Le système virtuel VFS
VFS suppose de tout F.S. :
-
qu'il est organisé sous forme d'une arborescence (ce qui ne pose pas de problème),
-
qu'il possède un superbloc, contenant des informations caractéristiques
du F.S.,
-
qu'il supporte la notion de i-nœud (i-node).
A chaque fichier correspond
un i-nœud, structure qui contient la description du fichier.
Pour des raisons de clarté, le superbloc et les i-nœuds de VFS seront appelés "superbloc VFS " et " i-nœud VFS " pour ne pas les confondre avec les superbloc et i-nœud du F.S. lui-même, ext2 par exemple.
Il n'est pas surprenant de retrouver dans le VFS les caractéristiques d'ext2fs, le but du premier étant de généraliser les concepts du second à tous les autres F.S.
Les caches de VFS
Cache de données
Comme tous les S.G.F., Linux utilise un cache de données (en fait un ensemble de caches, appelés tampons caches (cache buffers) ou simplements tampons, qui sont une image mémoire des données enregistrées sur disque.
Tous les périphériques à structure de blocs (blocks devices) sont vus par Linux à travers une interface uniforme, généralement asynchrone (y compris les périphériques SCSI).

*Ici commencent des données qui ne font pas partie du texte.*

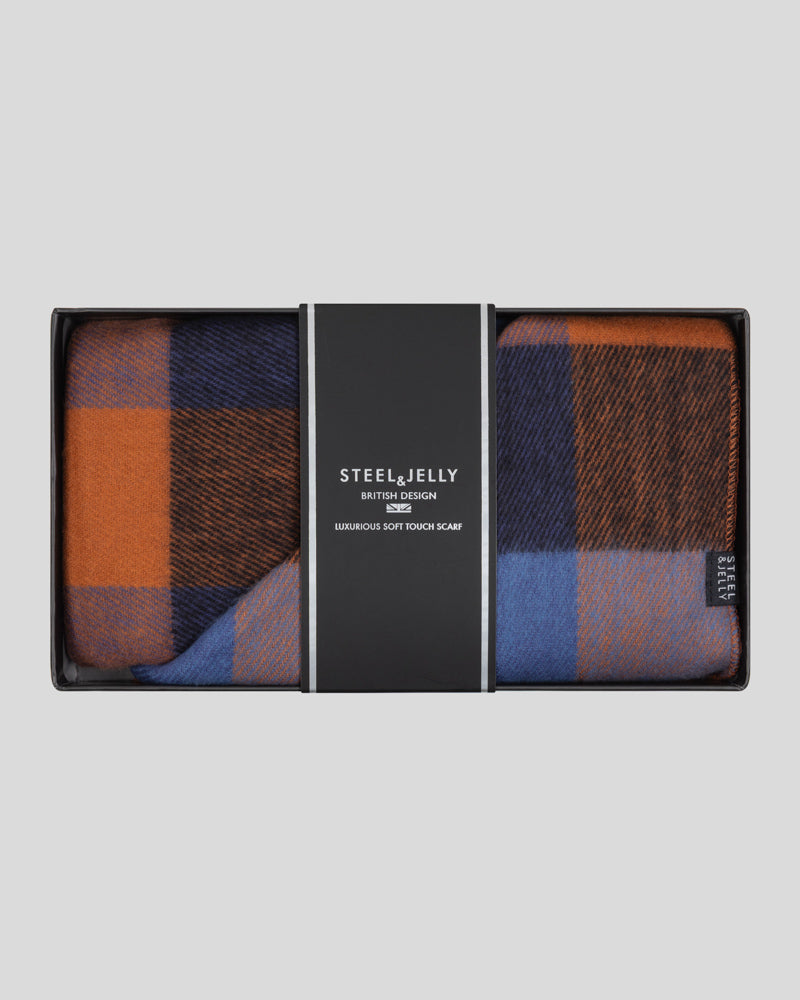 Steel & Jelly Men’s Ashurst Rust Check Boxed Scarf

Les transferts entre les tampons et le périphérique physique sont totalement transparents à l'utilisateur et se décomposent en plusieurs opérations :
-
lorsqu'un système de fichiers réel (ext2 par exemple) veut lire les données sur un disque physique, il dépose une requête de lecture d'un bloc physique auprès du pilote de périphériques qui le transmet au contrôleur du disque.
Un tampon cache est intégré dans cette interface pilote bloc.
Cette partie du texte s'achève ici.